FIELD OF THE INVENTION

The present invention relates to an electronic timing system and method for an internal combustion engine and relates particularly, though not exclusively, to such a system and method for a spark ignited, gas fuelled internal combustion engine.

BACKGROUND TO THE INVENTION

As the level of sophistication and reliability of electronic components and processing systems have improved by several orders of magnitude, electronic control systems are increasingly being incorporated in motor vehicles to replace functions previously performed by mechanical and/or electromechanical components and systems. Furthermore, the availability of such electronic components and systems has also opened the door to hitherto unforseen developments and improvements in the control and operation of the combustion cycle of internal combustion engines .

Many motor vehicles are now being manufactured with on-board computers and/or an engine control unit (ECU) to control the sequence of combustion in the respective cylinders of the engine. The engine is typically fuel injected and the ECU generates timing control signals for controlling the timing and sequence of operation of the injectors and spark ignition to provide optimum engine performance. In order to provide the correct timing control signals prior art ECUs must typically be supplied with engine speed and position signals, and a reference cylinder or top-dead centre (TDC) identification signal. Generally such signals are provided by a series of toothed wheels synchronously rotated by the engine crankshaft, and having a plurality of slots/projections thereon which are detected by a sensor to produce a pulse train. The repetition rate of these pulses is directly related to engine speed and pulse positions can be used to determine various engine cycle positions. The provision of such

toothed wheels or slotted discs external to the engine creates additional hardware and adds to the mechanical complexity of the engine. Furthermore, the pulse trains generated are generally used to trigger counters or other means for producing time referenced timing control signals to controlling the sequence of combustion. However, with time referenced timing control signals timing errors can occur if the engine speed changes between successive timing calculations.

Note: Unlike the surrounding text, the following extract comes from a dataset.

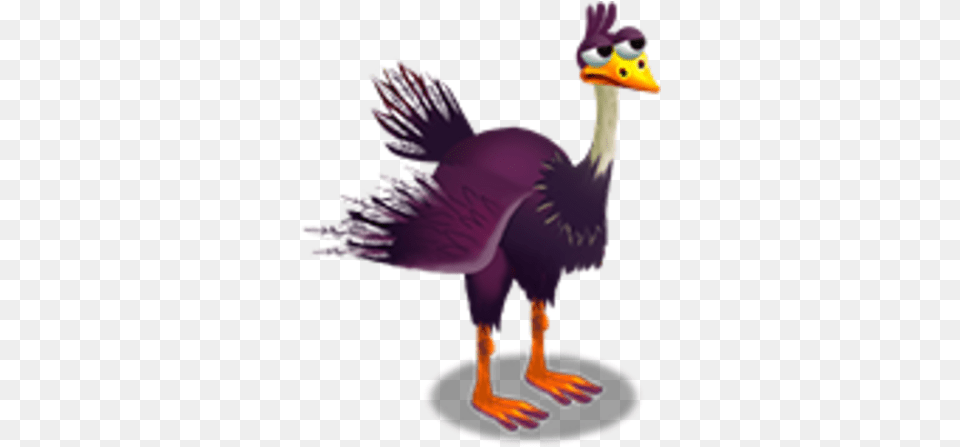 Ostrich Zoocraft Wiki Fandom Ostrich, Animal, Beak, Bird, Person Png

For example, if the timing control signals were time referenced and the speed were to increase the instigation of these control signals would appear to retard by some angle instead of ideally becoming more advanced.

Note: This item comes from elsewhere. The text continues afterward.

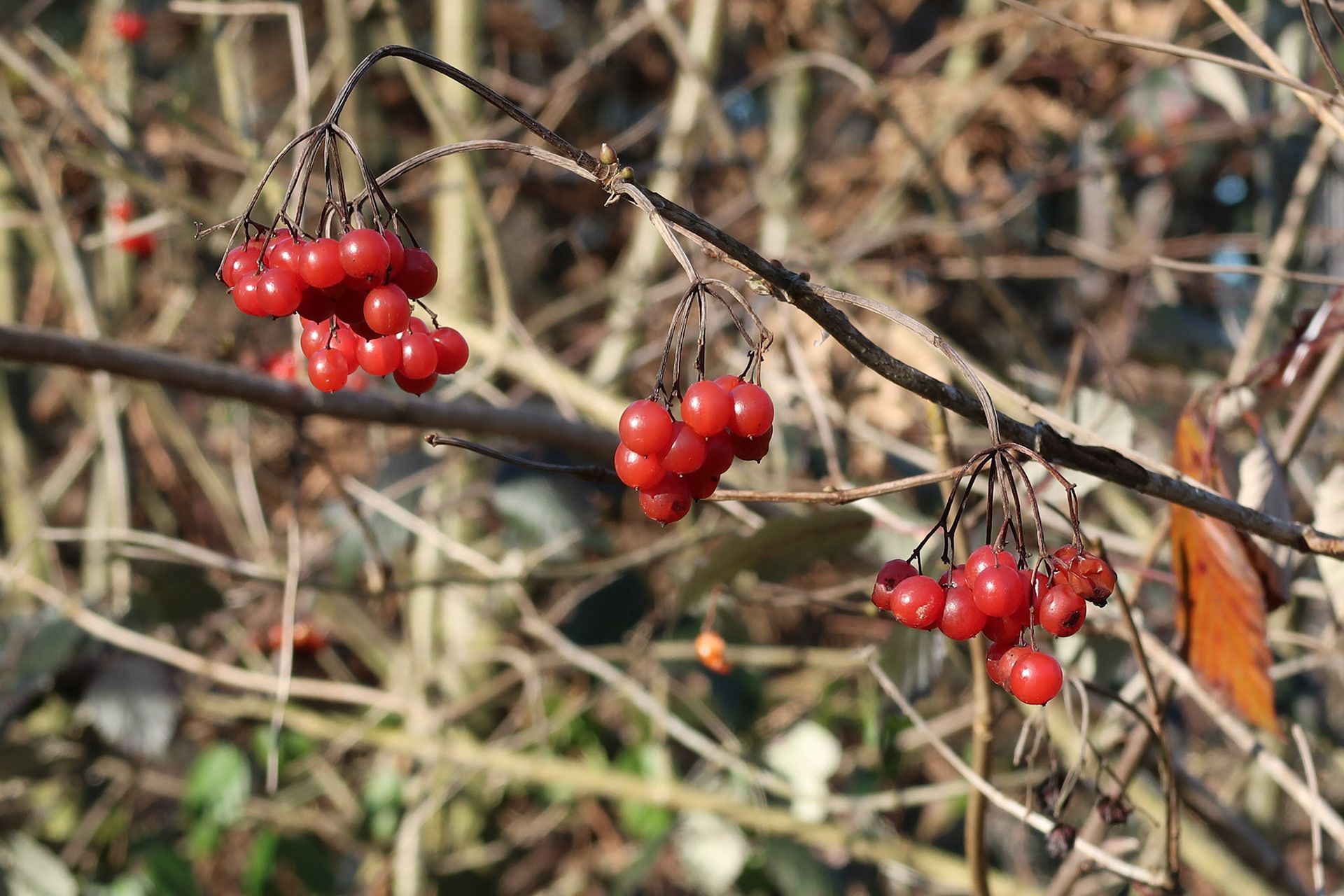 Beeren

The present invention was developed with a view to providing an improved electronic engine timing system and method that can provide high resolution engine timing control signals used to control the sequence of combustion.

SUMMARY OF THE INVENTION

According to one aspect of the present invention there is provided an electronic timing system for an internal combustion engine, the system comprising: means for detecting an operational position of an internal combustion engine; means for generating an engine cycle reference signal based on said detected operational position; and, means for controlling the sequence of combustion in respective cylinders of the engine responsive to said engine cycle reference signal whereby, in use, the timing of combustion in each engine cylinder can be precisely controlled to coincide with a desired operational position of the engine.

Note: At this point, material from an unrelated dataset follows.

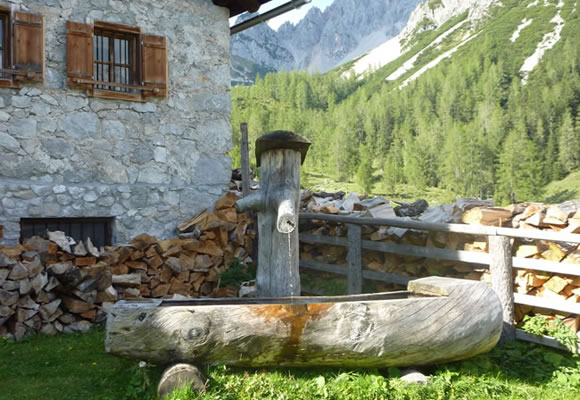 die gemütliche Schaidlalm in Filzmoos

Typically said means for detecting an operational position of the engine comprises means for detecting the rotation of the engine. Preferably, an engine gear wheel teeth position sensor is employed as the means for detecting the rotation of the engine, and advantageously each gear tooth on a periphery of the gear wheel is

detected as it passes said gear wheel teeth position sensor to generate a gear wheel teeth signal . In the preferred embodiment said gear wheel is the engine fly wheel and said gear wheel teeth position sensor generates a fly wheel teeth signal. In the preferred embodiment said means for generating an engine cycle reference signal comprises a signal multiplying circuit, typically in the form of a phase lock loop (PLL) circuit, employed to multiply the fly wheel teeth signal and produce a high resolution engine rotation signal which is an integer multiple of the incoming fly wheel teeth signal. Preferably, an engine position sensor is employed to detect a phase of the engine and to generate an engine phase signal. For a four stroke engine, an engine phase signal in the form of a pulse is generated once every two engine revolutions. Preferably said engine phase signal and high resolution engine rotation signal are combined to produce said engine cycle reference signal.

Preferably said means for controlling the sequence of combustion includes means for delivering an ignition timing control signal for controlling a source of ignition in the engine, responsive to said engine cycle reference signal . The sequence controlling means may further include means for delivering an injector timing control signal for controlling a fuel injector in the engine, responsive to said engine cycle reference signal. Preferably said sequence controlling means incorporates a plurality of programmable timers for modifying the timing of injection and/or ignition responsive to changes in various operating parameters of the engine, such as engine speed, desired load, delays in the opening of fuel injectors, delays in the transport of fuel from the injectors to the cylinders and delays in combustion after initiation of ignition. Advantageously said programmable timers produce a delay- time specified- in terms of- a predetermined number of multiplied fly wheel teeth pulses, providing a high

resolution measure of angular displacement of the engine.

According to another aspect of the present invention there is provided a method of electronic timing for an internal combustion engine, the method comprising: detecting an operational position of an internal combustion engine; generating an engine cycle reference signal based on said detected operational position; and, controlling the sequence of combustion in each cylinder of the engine responsive to said engine cycle reference signal whereby, in use, the timing of combustion in each engine cylinder can be precisely controlled to coincide with a desired operational position of the engine.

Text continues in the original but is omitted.